En 2019, Giulano da Empoli dénonce l’utilisation des algorithmes en politique dans son livre, « Les ingénieurs du chaos ». En vain ! La puissance du numérique prend une nouvelle dimension avec l’arrivée des intelligences artificielles génératives de contenus en décembre 2022 : ChatGPT et Midjourney.

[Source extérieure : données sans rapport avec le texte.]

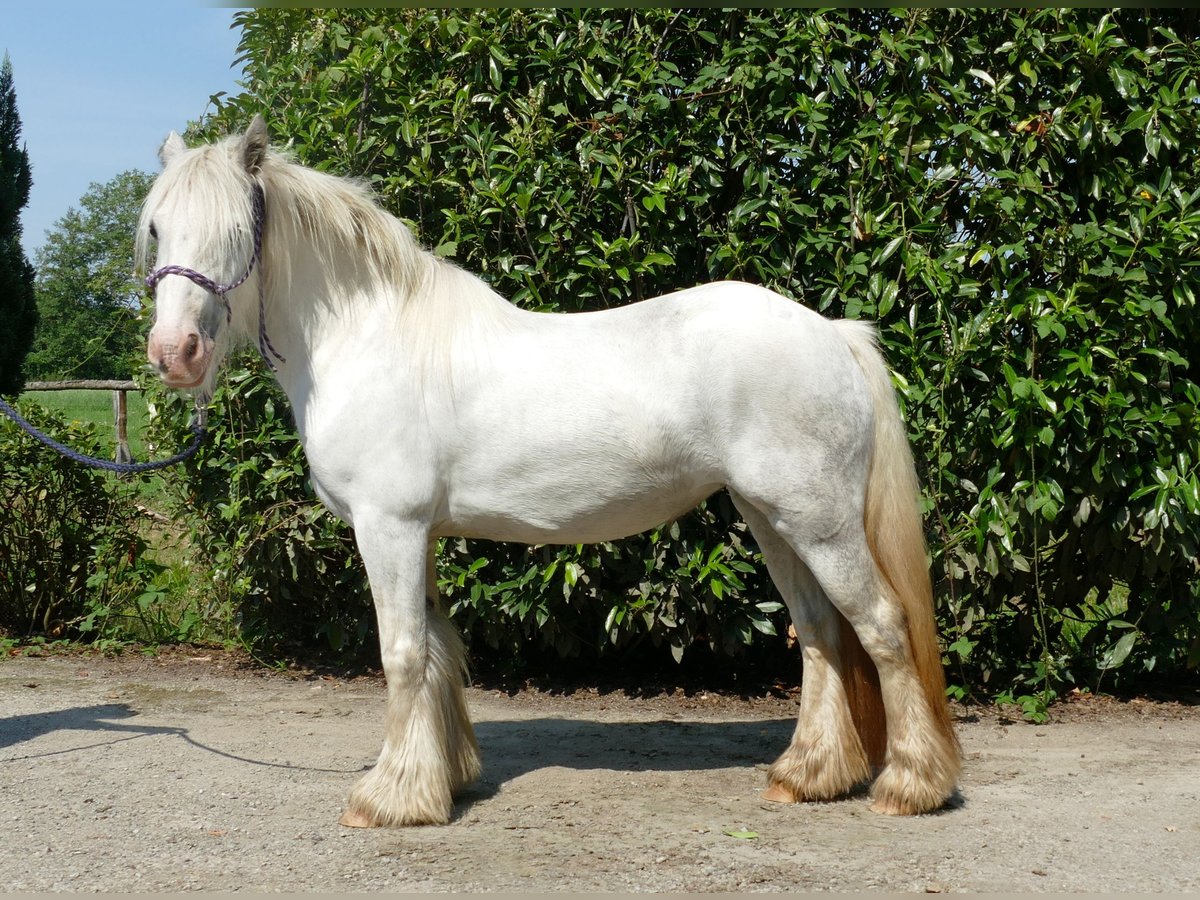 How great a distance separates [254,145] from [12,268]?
279 inches

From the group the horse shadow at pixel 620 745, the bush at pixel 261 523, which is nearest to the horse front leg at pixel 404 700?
the horse shadow at pixel 620 745

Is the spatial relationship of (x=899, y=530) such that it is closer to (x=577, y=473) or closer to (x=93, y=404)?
(x=577, y=473)

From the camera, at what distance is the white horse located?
3.41 m

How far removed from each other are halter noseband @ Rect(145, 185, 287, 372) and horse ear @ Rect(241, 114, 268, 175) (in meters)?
0.08

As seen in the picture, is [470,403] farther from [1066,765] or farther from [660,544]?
[1066,765]

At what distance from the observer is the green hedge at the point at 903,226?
4.65 meters

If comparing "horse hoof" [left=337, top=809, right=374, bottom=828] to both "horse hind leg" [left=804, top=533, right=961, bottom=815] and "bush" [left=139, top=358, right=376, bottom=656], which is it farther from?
"bush" [left=139, top=358, right=376, bottom=656]

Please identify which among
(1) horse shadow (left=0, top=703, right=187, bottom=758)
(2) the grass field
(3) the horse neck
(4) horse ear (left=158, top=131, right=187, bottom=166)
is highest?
(2) the grass field

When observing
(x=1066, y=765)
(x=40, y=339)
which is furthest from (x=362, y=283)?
(x=40, y=339)

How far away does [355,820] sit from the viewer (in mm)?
3428

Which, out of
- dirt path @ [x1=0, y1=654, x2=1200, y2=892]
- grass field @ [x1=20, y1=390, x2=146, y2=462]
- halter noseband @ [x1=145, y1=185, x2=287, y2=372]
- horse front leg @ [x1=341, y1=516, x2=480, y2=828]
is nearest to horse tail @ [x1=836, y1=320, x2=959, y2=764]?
dirt path @ [x1=0, y1=654, x2=1200, y2=892]

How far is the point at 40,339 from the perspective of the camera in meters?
26.8

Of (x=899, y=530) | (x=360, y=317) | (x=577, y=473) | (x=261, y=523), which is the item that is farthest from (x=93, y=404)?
(x=899, y=530)

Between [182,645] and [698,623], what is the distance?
346 cm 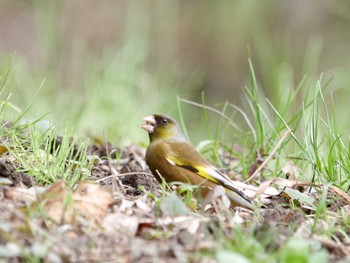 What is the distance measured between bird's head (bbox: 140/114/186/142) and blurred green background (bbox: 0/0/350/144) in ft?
11.3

Comment intelligence artificielle et politique peuvent-elles dès lors cohabiter ?

Comment l’intelligence artificielle intervient-elle en politique ?

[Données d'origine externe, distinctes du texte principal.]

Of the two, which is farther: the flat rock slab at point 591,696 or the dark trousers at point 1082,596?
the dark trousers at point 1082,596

La puissance de l’intelligence artificielle (IA), c’est la convergence de trois technologies : le traitement massif des données (Big Data), leur stockage (cloud) et le développement de l’apprentissage numérique (machine learning). L’IA devient ainsi capable de doper l’action politique.

L’IA impacte la manière de communiquer des acteurs politiques

L’IA permet de générer un texte à la place de l’humain. Pour y parvenir, l’outil fournit un travail de recherche, de collecte et de synthèse de données. Il peut ainsi produire un discours politique adapté à différents publics en quelques millièmes de seconde. La rapidité des résultats obtenus dépasse celle de l’homme. Avec Midjourney, un parti politique peut également générer des images adaptées à sa cible. Intelligence artificielle et politique créent ainsi un nouveau système de communication.

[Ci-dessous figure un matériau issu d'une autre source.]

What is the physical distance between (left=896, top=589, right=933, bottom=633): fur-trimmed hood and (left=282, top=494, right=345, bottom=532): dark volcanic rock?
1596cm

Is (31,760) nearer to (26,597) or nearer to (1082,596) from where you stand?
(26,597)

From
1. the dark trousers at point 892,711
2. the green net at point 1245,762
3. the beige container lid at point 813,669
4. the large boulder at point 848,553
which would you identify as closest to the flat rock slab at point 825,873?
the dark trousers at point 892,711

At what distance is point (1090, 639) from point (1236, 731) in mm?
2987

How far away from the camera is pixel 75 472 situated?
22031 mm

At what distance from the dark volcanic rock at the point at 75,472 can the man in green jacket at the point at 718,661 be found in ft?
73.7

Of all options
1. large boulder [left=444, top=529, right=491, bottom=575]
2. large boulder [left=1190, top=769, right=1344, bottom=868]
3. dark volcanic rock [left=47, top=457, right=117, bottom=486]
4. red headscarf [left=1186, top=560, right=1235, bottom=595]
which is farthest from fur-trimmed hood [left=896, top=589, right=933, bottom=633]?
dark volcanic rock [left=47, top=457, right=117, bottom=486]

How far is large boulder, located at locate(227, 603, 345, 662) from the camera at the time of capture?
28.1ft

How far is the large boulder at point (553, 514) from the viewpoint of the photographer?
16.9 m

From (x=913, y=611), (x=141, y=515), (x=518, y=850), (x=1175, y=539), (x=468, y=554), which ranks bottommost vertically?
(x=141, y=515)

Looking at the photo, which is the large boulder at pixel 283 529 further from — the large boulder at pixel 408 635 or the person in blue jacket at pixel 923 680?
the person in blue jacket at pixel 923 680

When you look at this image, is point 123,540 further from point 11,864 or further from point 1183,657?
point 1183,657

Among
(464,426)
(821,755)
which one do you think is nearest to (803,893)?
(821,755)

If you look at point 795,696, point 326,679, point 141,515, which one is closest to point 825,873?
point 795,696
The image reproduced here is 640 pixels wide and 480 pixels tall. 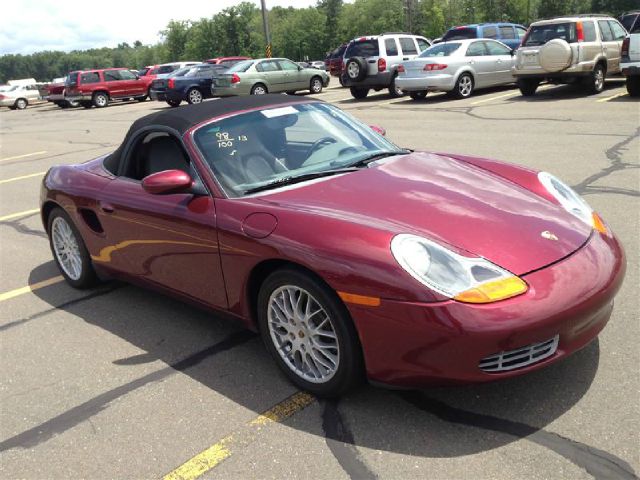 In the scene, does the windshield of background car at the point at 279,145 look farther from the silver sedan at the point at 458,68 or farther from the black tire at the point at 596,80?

L’IA impacte la prise de décision des acteurs politiques d’un pays

Pour remporter des élections, un homme politique peut proposer un programme électoral construit avec l’intelligence artificielle :

  1. Recueil de données sur les aspirations des électeurs.
  2. Construction d’une stratégie autour de la satisfaction de leurs demandes.
  3. Utilisation des algorithmes des réseaux sociaux pour diffuser les informations et les messages.
  4. Ajustement de la stratégie de communication selon les résultats.

Ensuite pendant son mandat, pour vérifier la pertinence d’une décision politique, l’IA permet d’analyser très rapidement l’opinion politique : traitement des milliers de commentaires, d’articles de presse ou de publications diverses. Le mariage intelligence artificielle et politique peut ainsi façonner l’évolution d’un pays.

L’intelligence artificielle impacte la géopolitique et les relations entre les pays

L’élection de Donald Trump en 2016 a mis en lumière l’influence possible de la Russie sur les résultats des élections américaines. Passés maîtres dans l’utilisation des algorithmes, les Russes sont soupçonnés d’avoir favorisé le système politique qui leur était favorable. Taïwan dénonce également une tentative d’influence de la Chine sur les élections locales de 2018. Intelligence artificielle et politique peuvent donc influencer les systèmes politiques de pays souverains.

Comment l’État légifère-t-il sur l’intelligence artificielle en France ?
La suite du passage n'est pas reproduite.